Raul, o Pompéia, é demitido e se mata,
João da Cruz morreria mais tarde, tuberculose. Deixa cartas, numa delas
confessa seu amor por Núbia, amor interdito
pelo fato de João da Cruz ser negro.
O que é inquestionável em Claros
sussurros e celestes ventos é o fato
dessa obra brilhar sozinha em meio ao quase deserto criativo onde rasteja nossa
atual produção literária.Criatividade, imaginação, fabulação, literatura como
literatura, nada a ver com alguns boletins de ocorrência ou exageros
sentimentalóides que atulham estantes das livrarias.
Disse anteriormente que Claros
sussurros estimulava um a série de reflexões. A primeira, Rufino não inventou a
roda, sabe dar-lhe finalidade. Ao juntar personagens e autores não trouxe
novidade, de certa maneira assemelhou seu trabalho ao de André Gide que em Diário dos moedeiros
falsos, dialoga com os personagens, simultaneamente à criação
do romance Os moedeiros falsos. Um dos personagens mais
instigantes, e também merecedor da maior atenção de Gide, é Edouard, também escritor, que pretende escrever
um romance chamado Os moedeiros falsos.
Edouard, assim como Gide, escreve um diário. As
semelhanças entre esses escritos permitem ao leitor a percepção de um livro
dentro do livro. Diário dos moedeiros falsos permite visualizar a construção dos
personagens e deixa nítidas as
marcas meta-literárias.
Em seu livro L'Art du roman, Milan Kundera (1986)

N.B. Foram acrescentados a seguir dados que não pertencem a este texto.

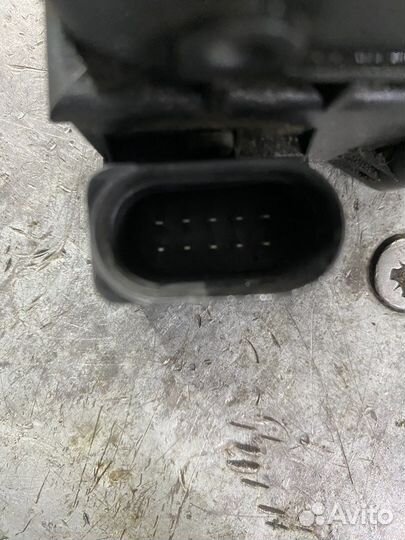 Блок клапанов пневмоподвески mercedes w221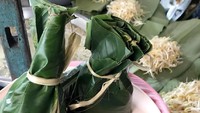 Jika dibawa pulang, toge goreng dibungkus dengan daun patat atau wongka dengan lipatan ke atas dan diikat dengan tali dari batang pisang atau bambu. Foto: Instagram @dewhangga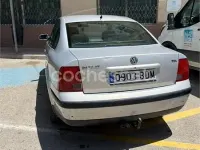Usado VW Passat Conceptline 90 CV (66 kW) 2000 Gris / plata Berlina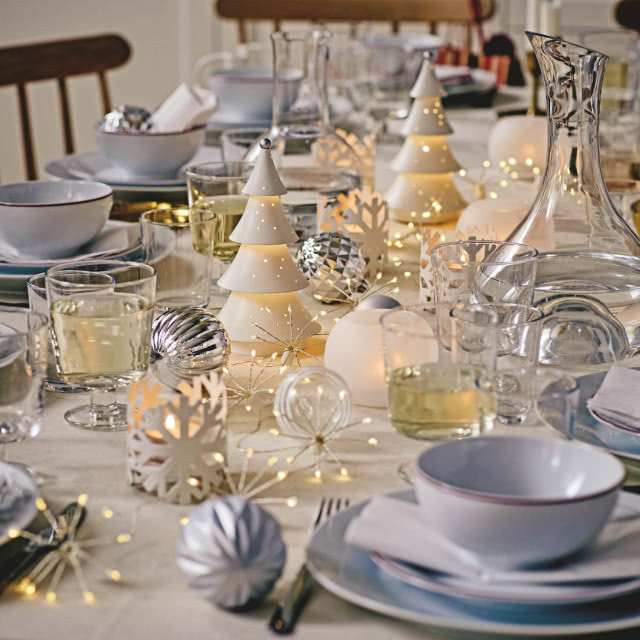 biało-srebrna nakrycie stołu na święta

diz que o romance se esforça em revelar um aspecto desconhecido da existência humana, uma
possibilidade do ser que se ignorava até então. Sem dúvida é isso e mais, muito
mais: o imaginário ocupa um vasto espaço na literatura, não podemos
desprezá-lo, a imbricação dos gêneros literários concede imensas áreas de
expressão.
Outra reflexão diz
respeito ao fato juntar numa narrativa escritores mortos, tornando-os
personagens como fez Gonçalo Tavares ao
criar um bairro, mais precisamente uma rua,
onde moram Kafka, Lorca e Joyce. A história traz referências a fatos das
vidas desses autores.
Para concluir,
tangenciando o gênero, podemos apontar relações com a reescritura. E aqui de
uma forma sútil conforme exige esse viés literário. Reescritura, sempre
oportuno lembrar, muito bem apresentada em Lúcia,de Gustavo Bernardo, uma
reescritura de Lucíola e Hamlet, de Marici Passini. Antes de continuar
acrescento que o tema reescritura tem merecido uma série de estudos academicos e livros equivocados. Livros que
reescrevem livros que já reescreveram livros. Um horror! Voltarei ao tema em
ocasião oportuna. Espero.
Delicadeza, humor,
sensibilidade e consciência social, abundantes na obra, levam este aprendiz a
não abordar o tema vergonhoso do racismo. O autor abordou o caso comme il faut.
Agora sim, para
encerrar Todorov. "Todo
grande livro estabelece a existência de dois gêneros, a realidade de duas
normas: a do gênero que ele transgride, que predominava na literatura
precedente, e a do gênero que ele cria [...]. Geralmente, a obra-prima
literária não se encaixa em nenhum gênero".